When $h(x)\equiv 0$, then it degenerates to the Newton's method. 

Proof:
$$\nabla g(x_k)^T(x - x_k) + \frac{1}{2t_k}\Vert x - x_k\Vert^2 
= \frac{1}{2t_k} \Vert t_k\nabla g(x_k)  +( x - x_k)\Vert^2 - \frac{t_k}{2}\Vert g(x_k)\Vert^2
$$
So we choose $x_{k+1} = x_k -  t_k\nabla g(x_k)$, precisely the iteration in Newton's method.

#### Projected Subgradient Method

When $C$ is closed convex and $h(x)  = I_C(x) =\left\{\begin{array}{ll} 0 & x\in C\\ +\infty & x \notin C\end{array}\right.$ is the indicator, then it degenerates to the projected subgradient method.

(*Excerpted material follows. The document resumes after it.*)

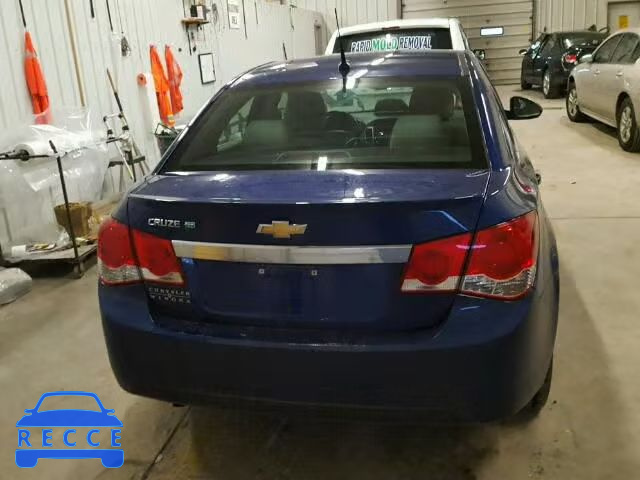 2012 CHEVROLET CRUZE ECO 1G1PK5SC5C7108583 зображення 9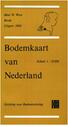 Blad 50 West Breda Uitgave Bodemkaart van. Schaal l: Nederland. Stichting voor Bodemkartering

Proof: Since $h(x) = +\infty$ as long as $x\notin C$, it suffices to consider the cases where $x\in C$, which is solving for
$$\argmin_{x\in C}\{\frac{1}{2t_k} \Vert t_k\nabla g(x_k)  +( x - x_k)\Vert^2 - \frac{t_k}{2}\Vert g(x_k)\Vert^2\}.$$
And it is clear that the minimizer should be the projection, i.e.
$$x_{k+1} = \prod_C (x_k - t_k \nabla g(x_k)).$$


### Proximal Mapping 

As claimed above, the key is to solve the minimization problem
$$\argmin_x\left\{\frac12 \Vert t_k\nabla g(x_k)  +( x - x_k)\Vert^2 +t_k h(x)\right\}. $$
If we use the notation
$${\rm prox}_f(x_0)= \argmin_x\{f(x) +\frac 12 \Vert x -x_0\Vert^2  \},$$
then the problem is equivalent to finding ${\rm prox}_{t_kh}(x_k)$. The notation is called the proximal mapping.